M. Saulnier n’est pas heureux dans le choix de ses autorités. Nous avons révélé en quels termes M. Rives repoussait l’usage que la Revue Britannique voulait faire de sa prétendue adhésion à de faux jugemens sur les États-Unis. Laissons parler maintenant M. Gallatin en réponse à l’anecdote qui le concerne :

« Le prix du travail manuel et de tous les emplois en grande partie mécaniques, est beaucoup plus élevé ici qu’en Europe. Cette cherté des salaires tient à ce que le travail est plus demandé qu’offert, et à la surabondance des terres en comparaison du nombre actuel des habitans. D’un autre côté, nos institutions démocratiques empêchent que les salaires des emplois élevés ne soient payés au-delà de ce qu’ils valent, et, dans certains cas, les maintiennent un peu au-dessous de ce qui conviendrait.
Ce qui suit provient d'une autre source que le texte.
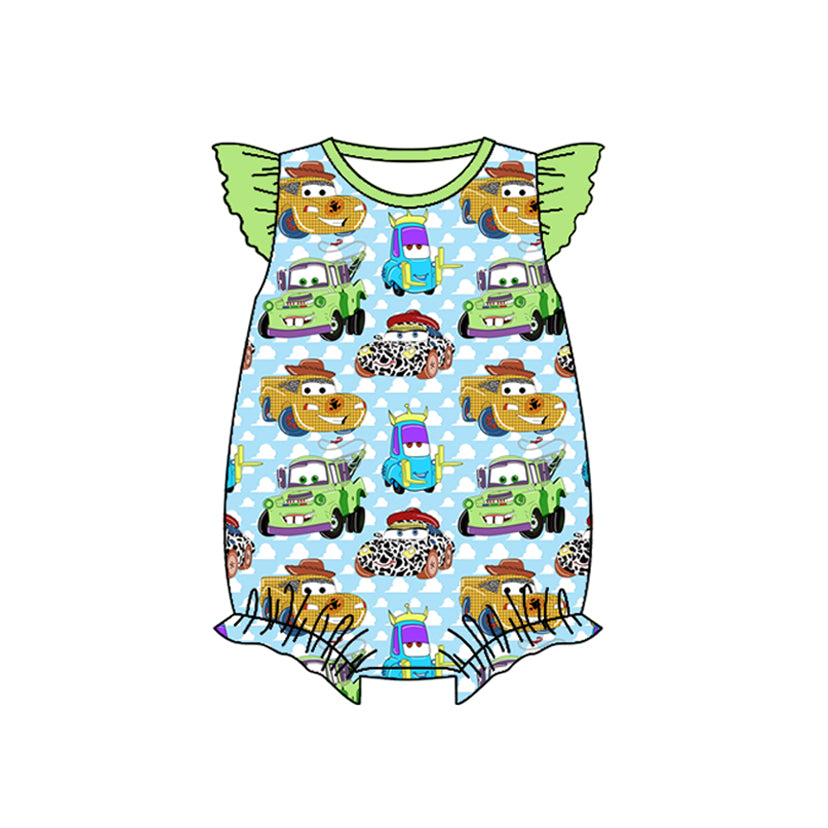 Baby Infant Girls Car Racing Flutter Sleeve Rompers preorder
Ainsi, nous n’avons aucuns des abus dont on se plaint généralement en Europe, point de pensions civiles, point de sinécures, point de salaires extravagans donnés à des officiers de hauts grades. Mais les employés d’un rang inférieur dans tous nos établissemens publics coûtent davantage en proportion de leur nombre. En même temps, je puis vous affirmer, du moins pour ce qui regarde nos employés civils, qu’avec un nombre beaucoup moins grand de personnes, soit chefs, soit commis, nous faisons autant de travail qu’en France[1]. » (Lettre de M. Gallatin au général La Fayette.)

  1. Dans une comparaison de ce que coûte l’administration financière des deux pays, M. Saulnier était arrivé à un résultat contraire, en faisant abstraction de la cour des comptes, qui représente, avec l’administration centrale de nos finances, l’équivalent de la trésorerie de Washington. Ainsi mille employés sur dix-neuf cent dix-huit ne figuraient pas dans les calculs de la Revue Britannique. M. Péreire a fait voir que la trésorerie de Washington, au lieu des 154 fonctionnaires qu’elle rétribue, devrait en avoir 800, si le nombre de ses employés était proportionnellement égal à celui de notre administration financière.